Worldwide we kill 50 billion chickens, 1.5 billion pigs, .5 billion sheep, .5 billion goats, and .3 billion cattle each year. While dogs are cute, and I love dogs, clearly people don’t place the same value on animal life as you do.
If you want to ignore statistics and disagree with me, then that’s your prerogative. Do some study about your debate topic, before coming in here full of emotion.
On the up side, our local shelter announced that, they assume due to the lockdown, the number of animals waiting for homes had gone down substantially.
I’d shoot your dog for a case of beer and I’d dig the hole. Now you want to get other countries involved? Countries that eat dogs? Countries with long standing views on dogs and the roll they play? Good luck. If you created a world government right now, the laws protecting dogs would be worse than the current U.S. laws.
How would it even be constitutional for the government to require an individual to own property?
Yet again: there are currently existing laws in the United States against abandoning animals.
To the best of my knowledge none of them have ever been found unconstitutional.
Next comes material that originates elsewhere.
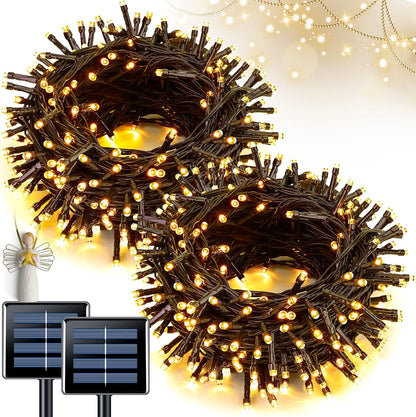 JMEXSUSS Solar String Lights Outdoor Waterproof, Total 66 FT 200 LED Solar Twinkle Lights Outdoor, Solar Christmas Light for Outside Tree Garden Yard Decor(Warm White)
Yet again: abandoning them on the side of the road, sure. Re-homing them? Where is there such a law???
I would think that most pets these days are not bought, but adopted. Hereis a link to a page with some interesting statistics.
In my 61 years, I have bought only one dog from a small-time breeder (a friend), a purebred Sheltie. He lived 14 years. I have owned five other dogs in the last 15 years, and all of them were rescued off the street. So not even adopted. Well, one was, but I stole him from his useless owners first, then turned him into the SPCA, and adopted him immediately. Long story. ![]()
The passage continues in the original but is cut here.